3.4. Development and Validation of the Nomogram
Based on the relative weights of the risk factors in Table 2, a nomogram was drawn as shown in Figure 2. For the validation of the nomogram, ROC curves were first drawn for the training and validation set data. The AUC-ROC for the training set was 0.833 (95% CI: 0.793-0.866), and AUC-ROC for the validation set was 0.794 (95% CI: 0.727-0.852). This suggests that the model's discriminative ability was good, as shown in Figure 3. Then, we used the bootstrap self-sampling method to repeat this 1000 times and drew the calibration curves of this nomogram for the training and verification sets. The results showed that the predicted probability of this model is in good agreement with the actual probability and the model calibration is good, as shown in Figure 4. At last, to verify the clinical benefit of the model, DCA curves were drawn for the training and validation set data.

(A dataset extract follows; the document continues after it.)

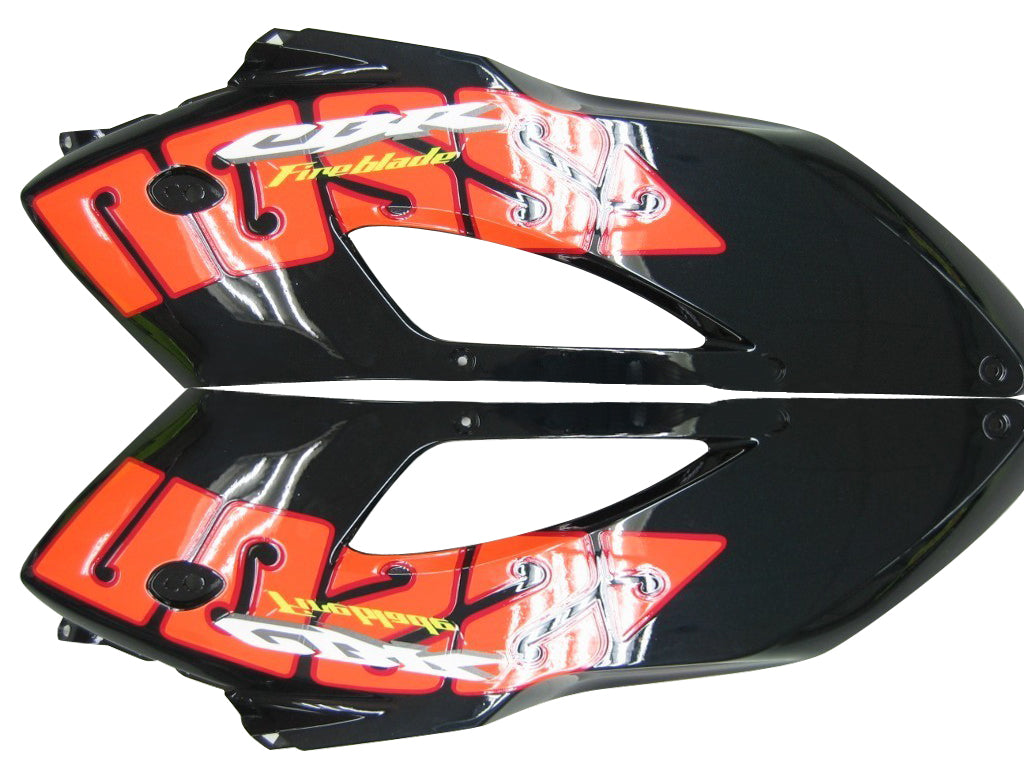 Fairings 2004-2005 Honda CBR 1000 RR Black Yellow Valentino Rossi Generic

According to the DCA curves, the net benefit of the training and verification sets was significantly higher than the two extremes, as shown in Figure 5. Therefore, the nomogram has good clinical benefits.
Figure 2.
Nomogram used for predicting the risk of readmission in patients with HFrEF within 1 year. BMI: body mass index; SBP: systolic blood pressure; LVEF: left ventricular ejection fraction; ARNI: angiotensin receptor neprilysin inhibitor.
Figure 3.
The ROC curves of the clinical predictive model are plotted based on the training set (3A) and validation set (3B). ROC: receiver-operating characteristic; AUC: area under the receiver-operating characteristic.
Figure 4.
Calibration curve of the nomogram on the data of training set (4A) and validation set (4B).
Figure 5.
The clinical benefit of the predictive model was evaluated with data from the training set (5A) and the validation set (5B).
4. Discussion
Studies have shown that patients with HFrEF have a 25.3–35.4% chance of being readmitted to the hospital for HF within 1 year, which is consistent with our study's finding of the 31% HF readmission rate. The high prevalence and mortality of HF have placed a heavy burden on healthcare systems, and the global prevalence of HF is projected to reach 25% by 2030; HFrEF is the type of HF with the worst prognosis [17]. Although medical advances in treating HF have progressed, its prevalence and readmission rates are still increasing [18]. Therefore, early identification of readmission risks for patients with HF and implementation of early intervention is of great significance for patient prognosis [19]. In our study, we found that age, BMI, SBP, diabetes, LVEF, and ARNI were an independent risk factor for HF readmission within 1 year in patients with HFrEF.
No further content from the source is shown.